(DATA PROVIDED)
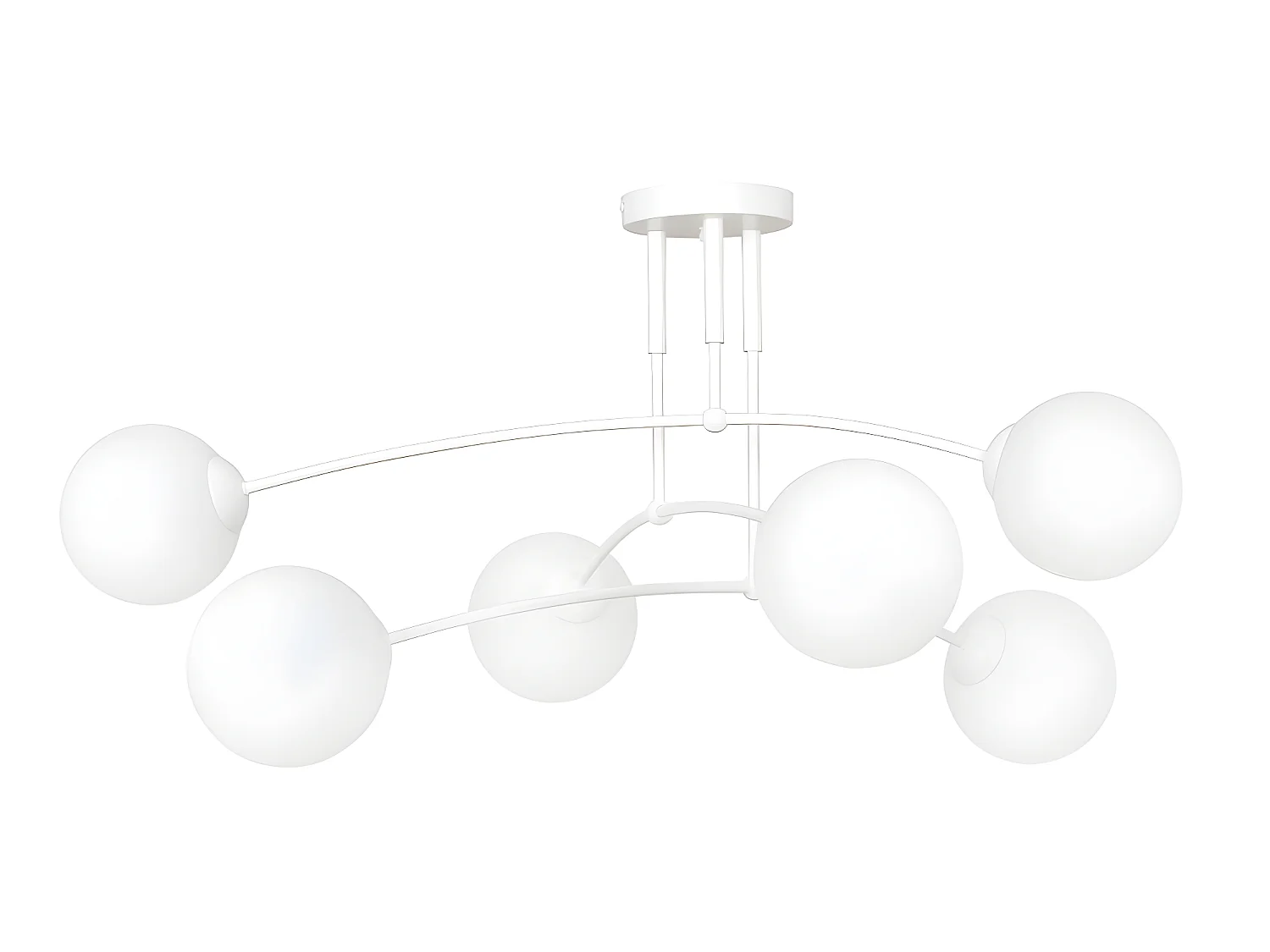 Plafonnier Mobis moderne avec barres blanches irrégulières et 6 sphères en verre 6xE14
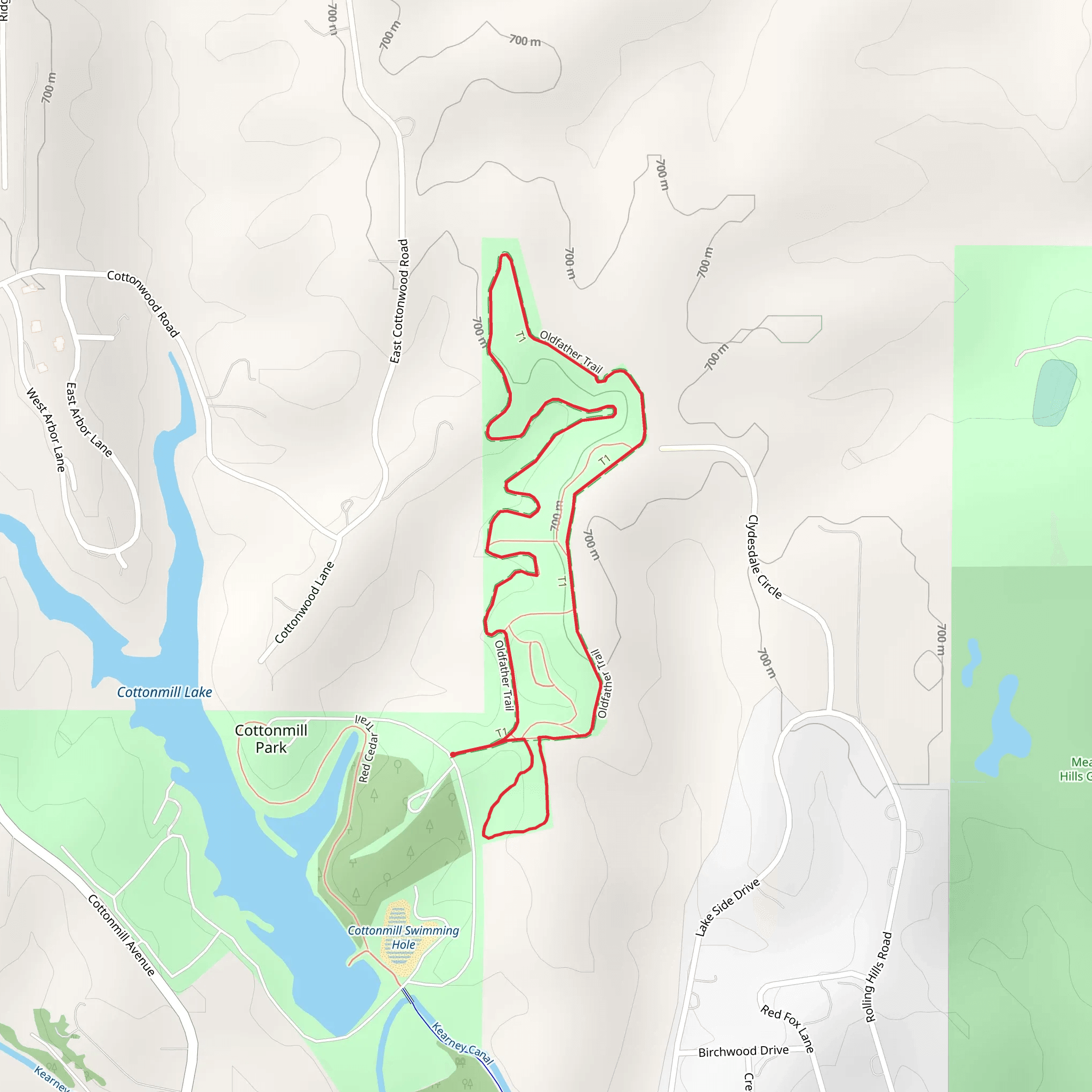 Oldfather Loop Trail mobile static map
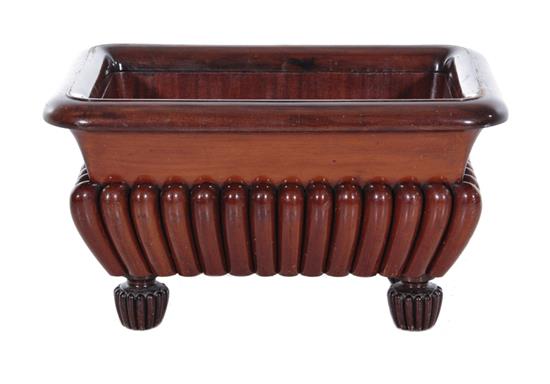 Appraisal: William IV carved mahogany cellarette circa carved molded rim tapered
(End DATA PROVIDED)
*WHAT THE EXERCISE ASKS*: A word-for-word copy of all the data is required, minus the pictures.

*COMPLETED TASK*:
 Plafonnier Mobis moderne avec barres blanches irrégulières et 6 sphères en verre 6xE14
 Oldfather Loop Trail mobile static map
 Appraisal: William IV carved mahogany cellarette circa carved molded rim tapered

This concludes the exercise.